# WHAT YOU ARE ASKED TO DO
Restate word for word each line from the one containing "Inspirational Snowflake Christmas" through the end of the material, and nothing more. Drop every picture.

# MATERIAL PROVIDED
⟨
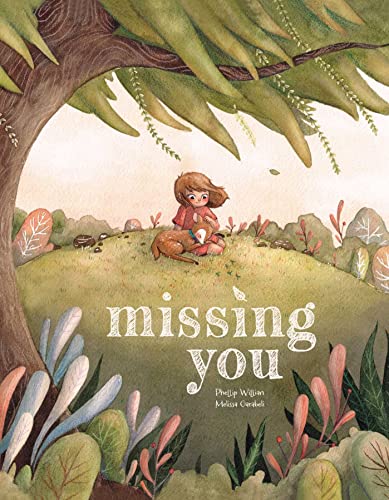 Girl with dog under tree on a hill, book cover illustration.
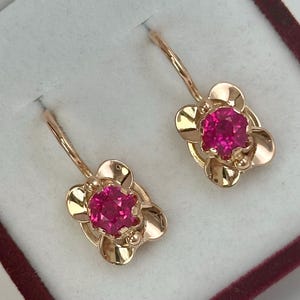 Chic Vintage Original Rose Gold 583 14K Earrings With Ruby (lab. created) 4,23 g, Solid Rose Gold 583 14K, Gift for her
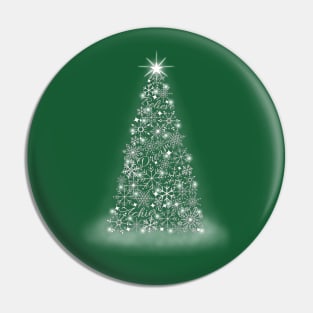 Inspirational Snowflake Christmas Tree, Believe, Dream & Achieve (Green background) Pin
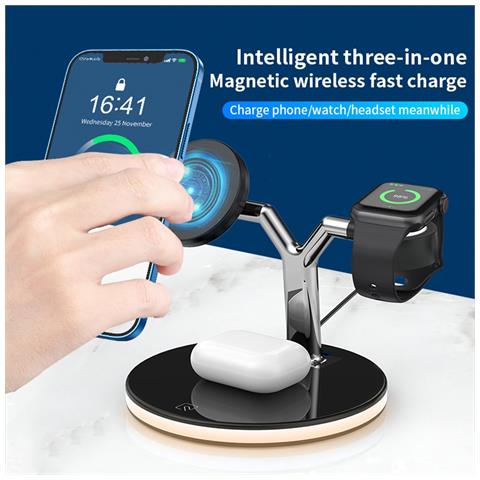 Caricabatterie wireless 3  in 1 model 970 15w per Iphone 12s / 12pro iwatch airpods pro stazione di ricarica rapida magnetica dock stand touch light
⟩
# TASK SOLUTION
 Inspirational Snowflake Christmas Tree, Believe, Dream & Achieve (Green background) Pin
 Caricabatterie wireless 3  in 1 model 970 15w per Iphone 12s / 12pro iwatch airpods pro stazione di ricarica rapida magnetica dock stand touch light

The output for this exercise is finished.